Il cerchio si chiude. È tempo di voltare pagina, di abbassare le saracinesche sul passato. Una storia è terminata, ne inizia un'altra, nuovo spirito, nuova energia, nuovi interpreti. Anche se quelli vecchi mancano da morire. Nel 1997 i Pennywise si riaffacciano sul mercato discografico dopo il momento più duro e luttuoso: la morte del bassista Jason Thirsk, un altro martire del rock ucciso dagli eccessi e dagli stravizi. Al suo posto subentra Randy Bradbury, il quinto membro non ufficiale del gruppo, amico e mentore di Jason: uno della famiglia, anche se non basta certo a lenire lo strazio.

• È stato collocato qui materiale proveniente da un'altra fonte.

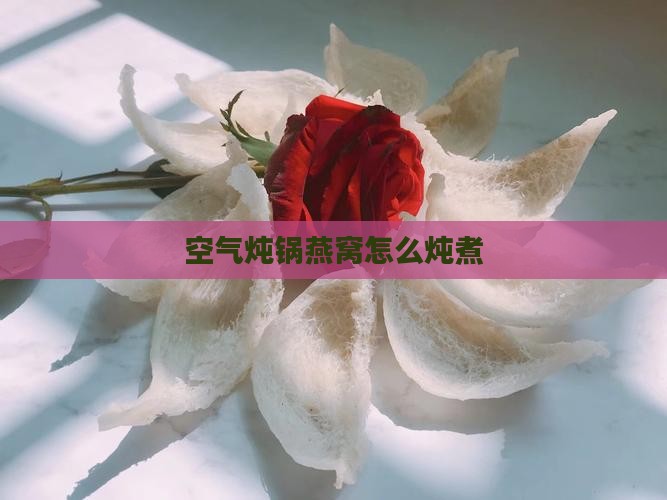 空气炖锅燕窝怎么炖煮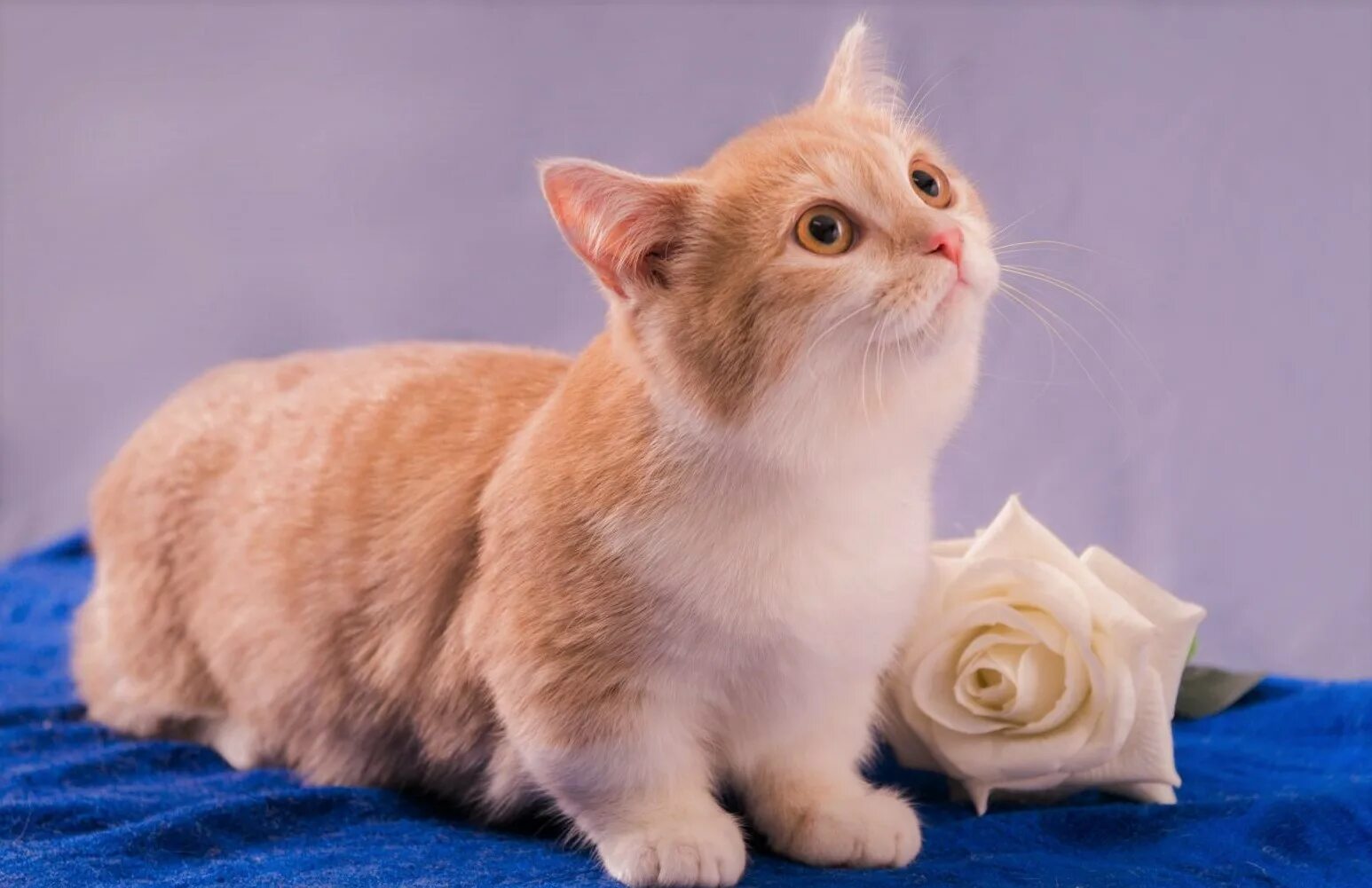 Котенок с короткими лапками фото Кошки. Породы кошек - список, названия, описания, фото и видео - Научно-популярн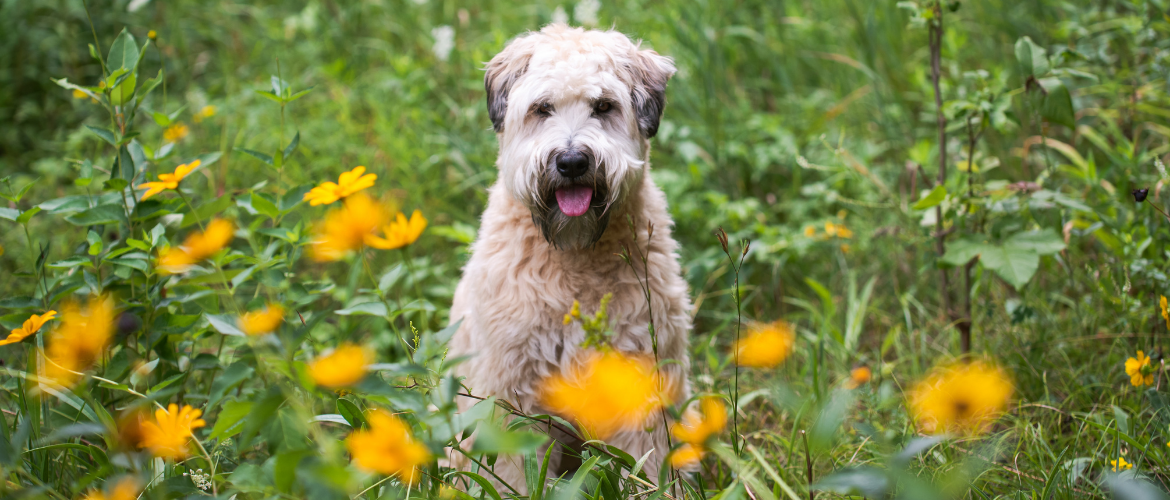 Irish Glen of Imaal Terrier in der Natur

In quel 1997 i Pennywise danno alla luce il loro personale "Black Album", mentre i Metallica sono in piena fase Reload e il boom del pop punk comincia già a delinearsi come un fenomeno estemporaneo e ben strumentalizzato dai media. Si, avete capito bene, "Full Circle" sta ai Pennywise come il Black Album sta ai Metallica: si riparte, qualcosa è cambiato. Anche se, diversamente dal caso dei Four Horsemen, qui non si rallentano i ritmi, non si compongono ballate da matrimonio né ci si taglia i capelli: il quartetto di Hermosa non svolta drasticamente nello stile (che poi è il suo vero, assoluto punto di forza), quanto nelle atmosfere, nelle sensazioni che permeano tutto il disco. "Full Circle" è dominato da un sentimento indefinibile, una presenza sinistra che si addensa inesorabile nelle solite chitarre tonanti e rullate di batteria al fulmicotone. Una intensa rielaborazione di rabbia e paura, di frustrazione e pessimismo, di tormento e incertezza, che se possibile, dona ancora più potenza ai brani dell'album. Ed il risultato è a dir poco clamoroso. Nessuna caduta di tono, nessun rallentamento, nessun riempitivo. Solo skate punk di classe, qualità e passione.  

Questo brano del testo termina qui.